[TASK DETAILS]:
Starting at the line that contains "Build The Human Body by Richard Walker" and stopping at the line that contains "Multi-colored foliage of Stromanthe", transcribe every line of the material below exactly; pictures stay out.

[RECORDS FOR THE EXERCISE]:
──────────────────────────────

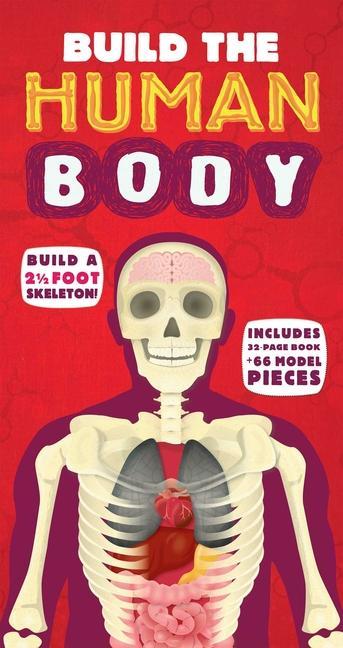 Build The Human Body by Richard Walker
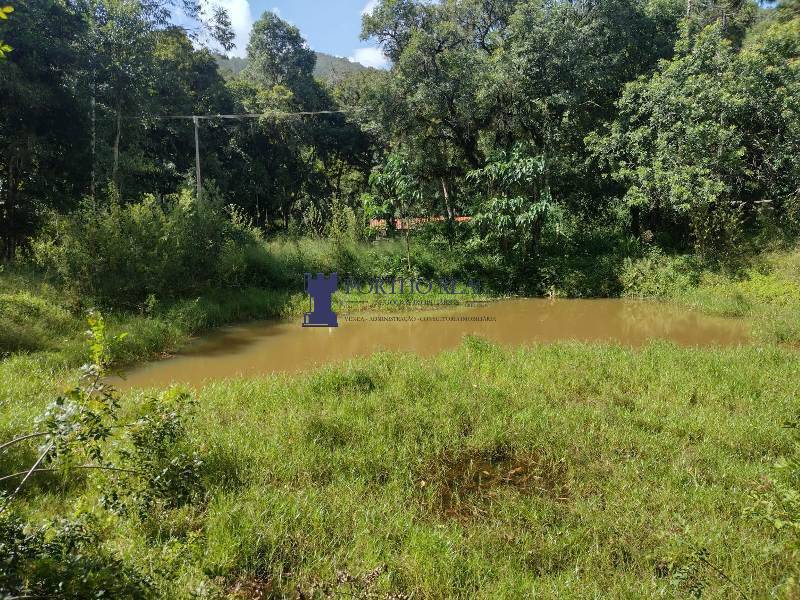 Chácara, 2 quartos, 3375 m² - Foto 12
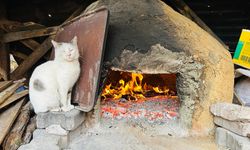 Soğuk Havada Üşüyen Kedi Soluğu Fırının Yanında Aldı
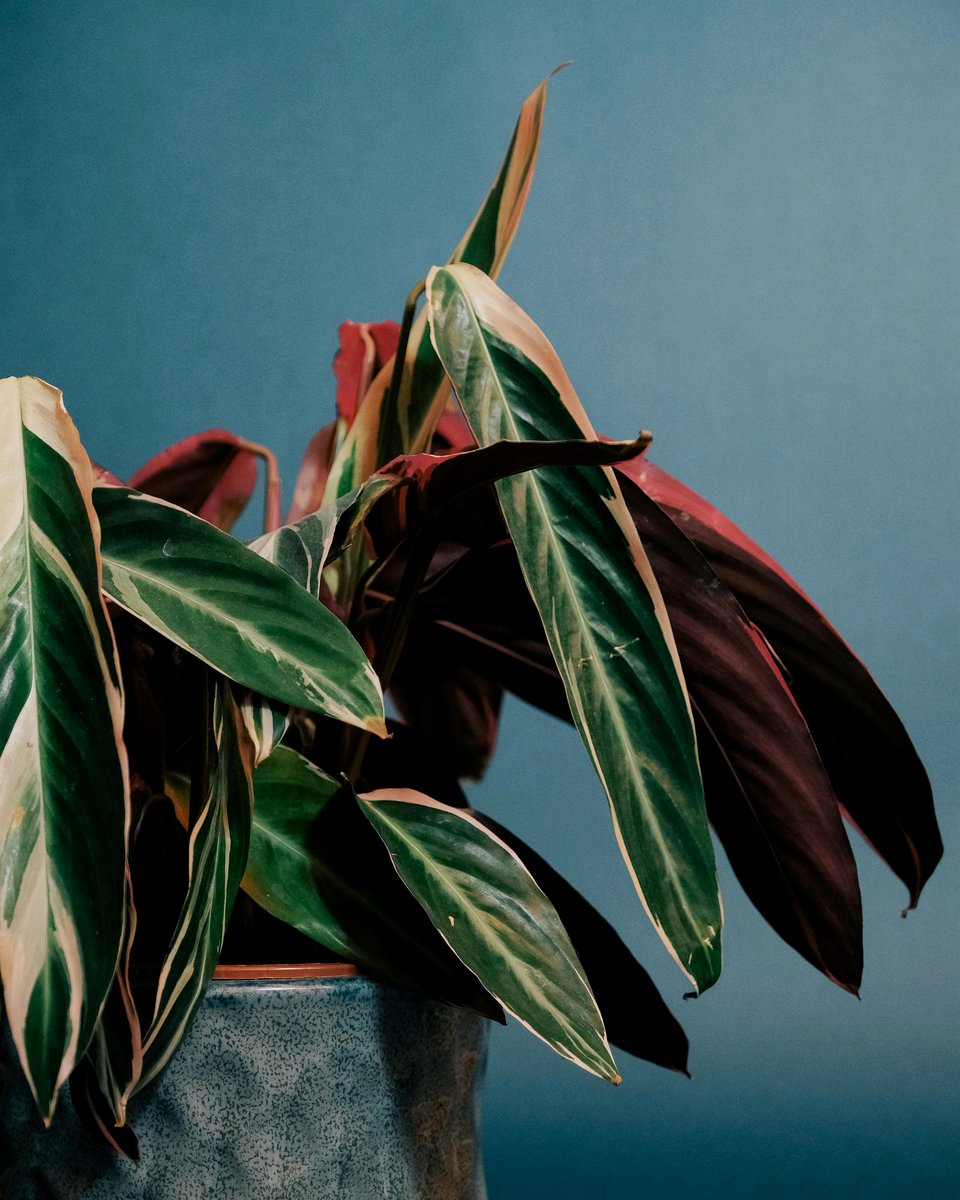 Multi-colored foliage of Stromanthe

──────────────────────────────

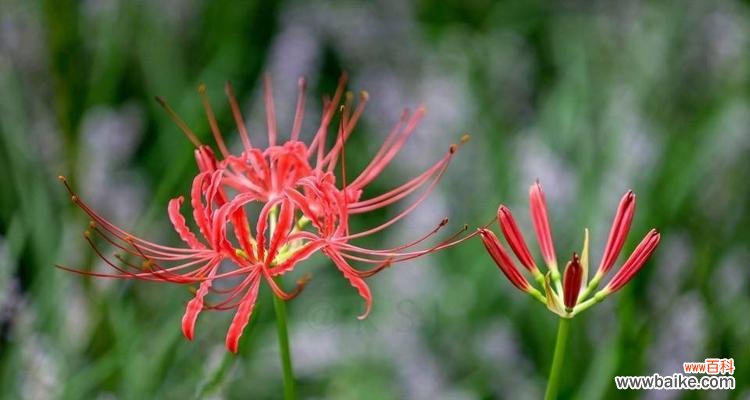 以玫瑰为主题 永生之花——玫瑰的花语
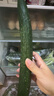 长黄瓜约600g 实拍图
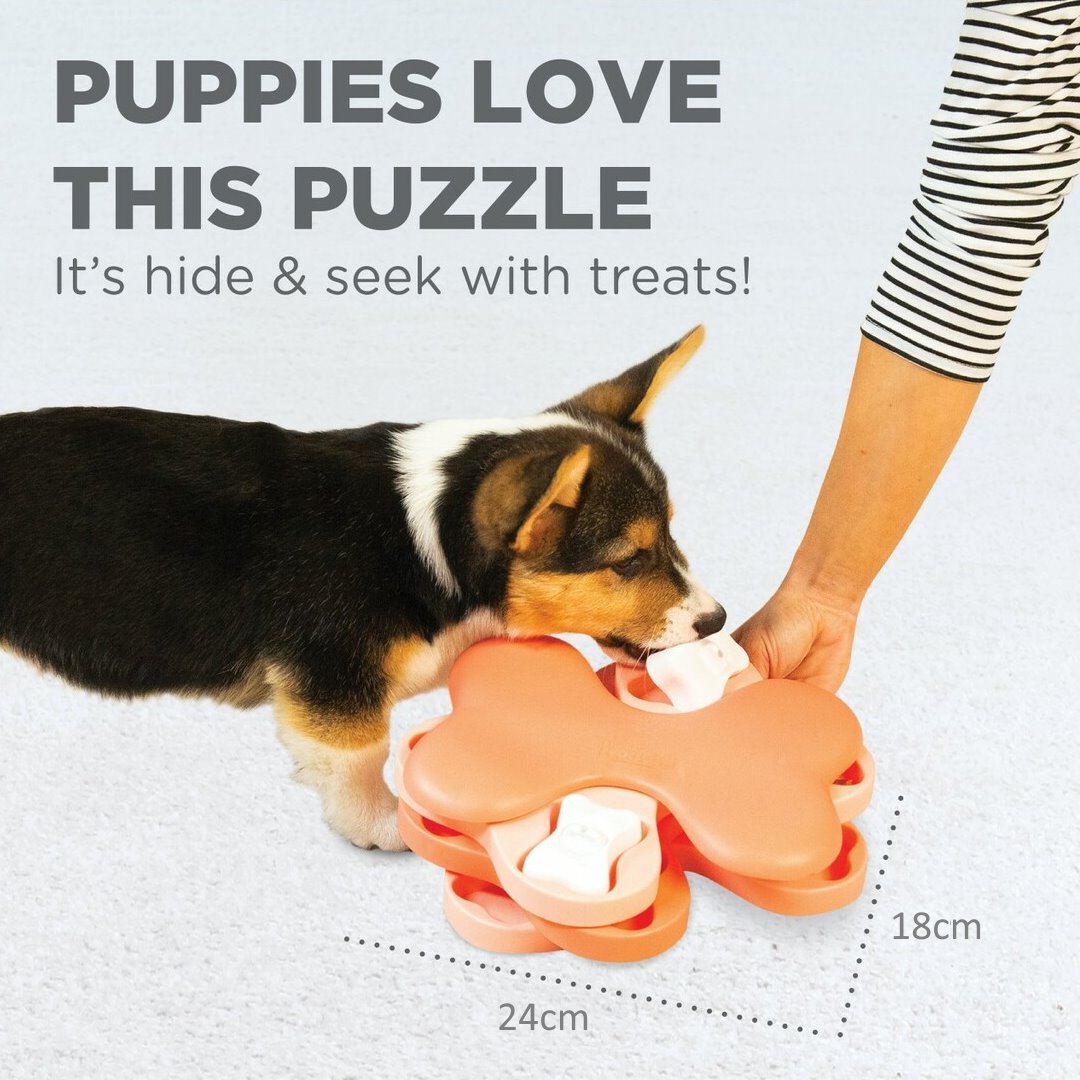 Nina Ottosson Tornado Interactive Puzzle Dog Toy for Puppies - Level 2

──────────────────────────────

[EXPECTED ANSWER]:
 Build The Human Body by Richard Walker
 Chácara, 2 quartos, 3375 m² - Foto 12
 Soğuk Havada Üşüyen Kedi Soluğu Fırının Yanında Aldı
 Multi-colored foliage of Stromanthe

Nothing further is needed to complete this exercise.